Staying hydrated is so important in helping our bodies run as they should. It can also aid in the significant discomforts that come with hormone shifts.12,18

7. Get Some Exercise

Moving your body by partaking in gentle movements (such as walking or doing a gentle postpartum yoga flow) can also help with hormone shifts.7,18,22 As your healing improves and you feel ready, you can introduce more intense exercise. But please listen to your body and talk to your doctor or visit a pelvic floor specialist before doing so.7

8. Think Outside the Box

You can also seek out nontraditional medicine experts, such as acupuncturists, to help assist in hormonal shifts.

9. Be Patient With Yourself

Lastly, be patient with yourself, your baby, and your partner. You’re all learning together, and it will take time and practice to get into the swing of things.

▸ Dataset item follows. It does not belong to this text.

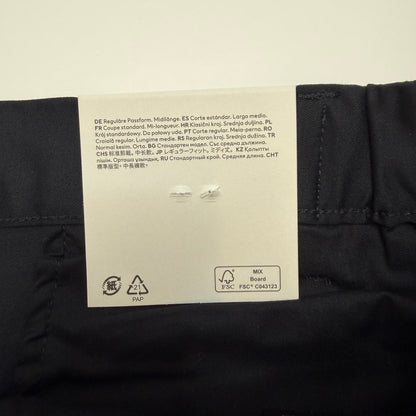 H&M Men's Black Chino, Shorts Large, Regular Fit, Mid Length, Flat Front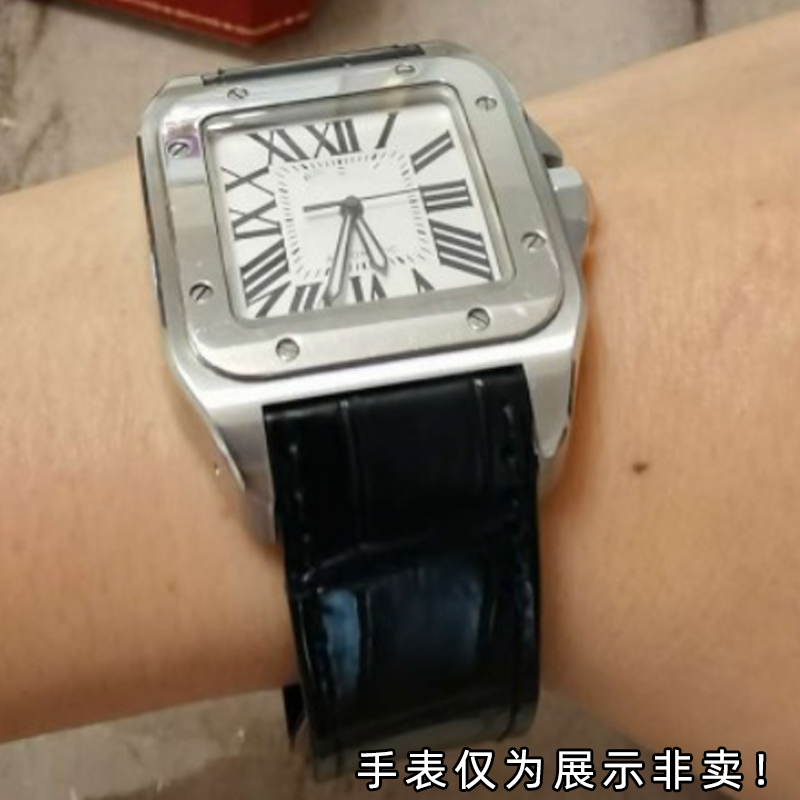 Correa de reloj de cuero genui - Women'S Accessories Cartier reseña y precio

Dealing with postpartum hormone changes can be very frustrating, especially when you don’t feel like yourself. Following the simple steps above can significantly help in dealing with the hormone tornado. Of course, please reach out to your obstetrician or primary care providers if you’re experiencing appetite or sleep changes, decreased interest in activities that once brought you joy, extreme sadness, rage, or anxiety. They can screen you for postpartum anxiety and depression and work with you to find your way back to yourself. But remember, you are an amazing mother, no matter what!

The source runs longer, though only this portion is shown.